中央から四隅かけて、ピントが合う撮影距離が異なることを指しています。例えば、1mの撮影距離において、中央にピントが合っていたとしてもフレームの端では1mの前後に移動している場合に像面湾曲の可能性あり。
最近のレンズで目立つ像面湾曲を残したレンズは少ないものの、近距離では収差が増大して目立つ場合があります。と言っても、近距離でフラット平面の被写体を撮影する機会は少ないと思われ、像面湾曲が残っていたとしても心配する必要はありません。
ただし、無限遠でも影響がある場合は注意が必要。風景など、パンフォーカスを狙いたい場合に、意図せずピンボケが発生してしまう可能性あり。この収差は改善する方法が無いため、F値を大きくして被写界深度を広げるしか問題の回避手段がありません。
実写で確認
以下の作例はF2.8の絞り開放を使用し、中央にピントを合わせた場合と隅にピントを合わせた場合の差を見比べています。
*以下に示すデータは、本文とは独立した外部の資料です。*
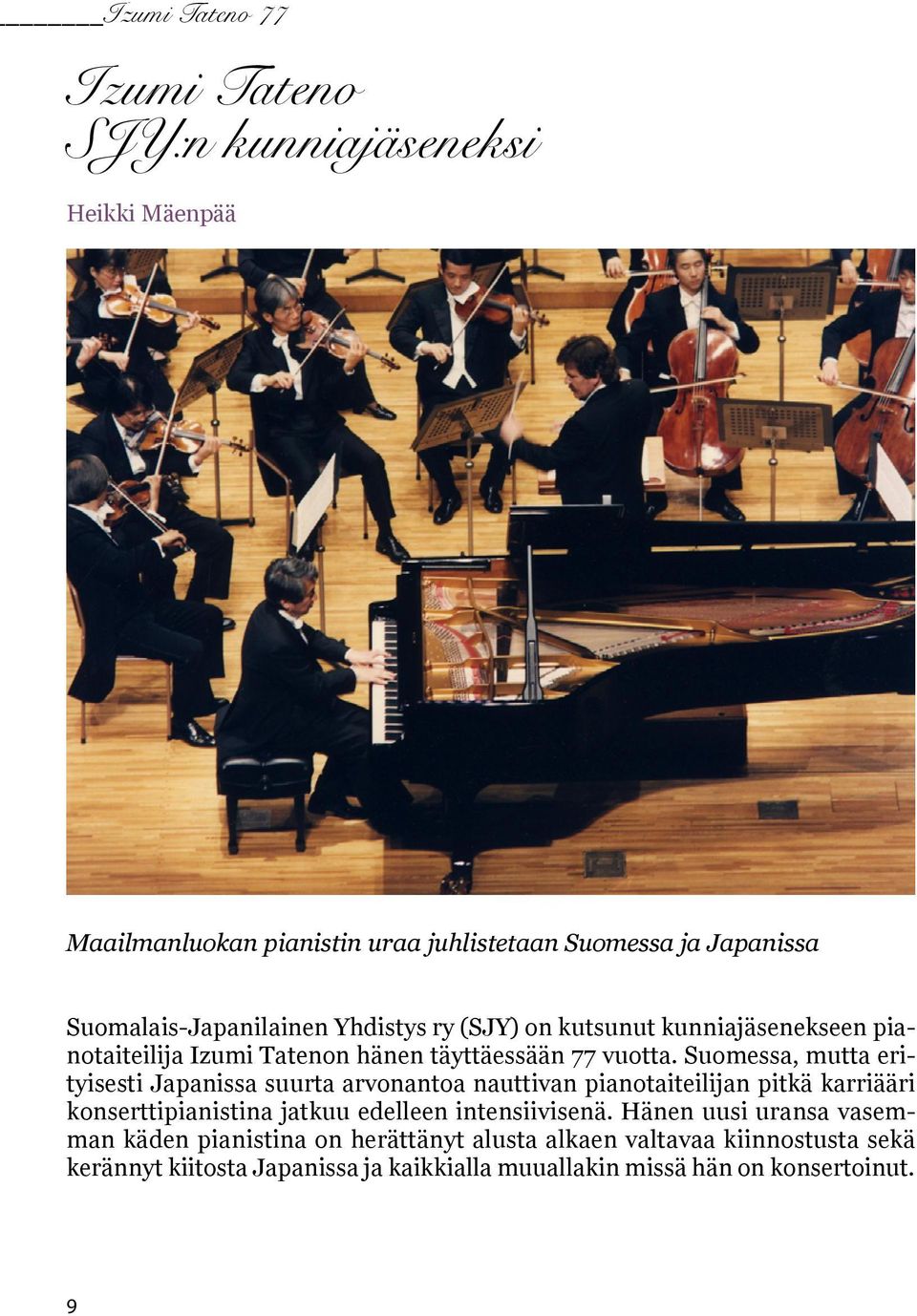 Suomessa, mutta erityisesti Japanissa suurta arvonantoa nauttivan pianotaiteilijan pitkä karriääri konserttipianistina jatkuu edelleen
ご覧のように、同じF2.8の絞り開放でもピントを合わせる領域によって結果に大きな違いが発生しています。像面湾曲の影響が残っていると言うことができ、フレーム全体でパンフォーカスを得るには強めに絞る必要があります。
倍率色収差
倍率色収差とは?
主にフレームの周辺部から隅に現れる色ずれ。軸上色収差と異なり、絞りによる改善効果が小さいので、光学設計の段階で補正する必要があります。ただし、カメラ本体に内蔵された画像処理エンジンを使用して、色収差をデジタル補正することが可能。これにより、光学的な補正だけでは難しい色収差の補正が可能で、最近では色収差補正の優先度を下げ、他の収差を重点的に補正するレンズも登場しています。特にミラーレスシステムでは後処理に依存する傾向あり。
実写で確認
倍率色収差の補正がオフの状態でも絞り全域で良好な補正状態です。特に大きな問題はありません。
軸上色収差
軸上色収差とは?
軸上色収差とはピント面の前後に発生する色ずれ。ピントの手前側は主にパープルフリンジとして、ピントの奥側でボケにグリーンの不自然な色付きがあれば、その主な原因が軸上色収差と考えられます。F1.4やF1.8のような大口径レンズで発生しやすく、そのような場合は絞りを閉じて改善する必要があります。現像ソフトによる補正は可能ですが、倍率色収差と比べると処理が難しく、できれば光学的に収差を抑えておきたいところ。ただし、大口径レンズで軸上色収差を抑える場合は製品価格が高くなる傾向があります。軸上色収差を完璧に補正しているレンズは絞り開放からピント面のコントラストが高く、パンチのある解像感を期待できます。
実写で確認
絞り開放でも残存する色収差はごく僅か。高コントラストなシーンでも問題ないので、実写で目立つシーンはほぼ無いと言えるでしょう。
歪曲収差
歪曲収差とは?
歪曲収差とは、平面上で直線的に写るはずが直線とならずに歪んでしまうこと。特に直線が多い人工物や水平線が見えるような場合に目立ちやすく、魚眼効果のような「樽型歪曲」と中央がしぼんで見えてしまう「糸巻き型歪曲」に分かれています。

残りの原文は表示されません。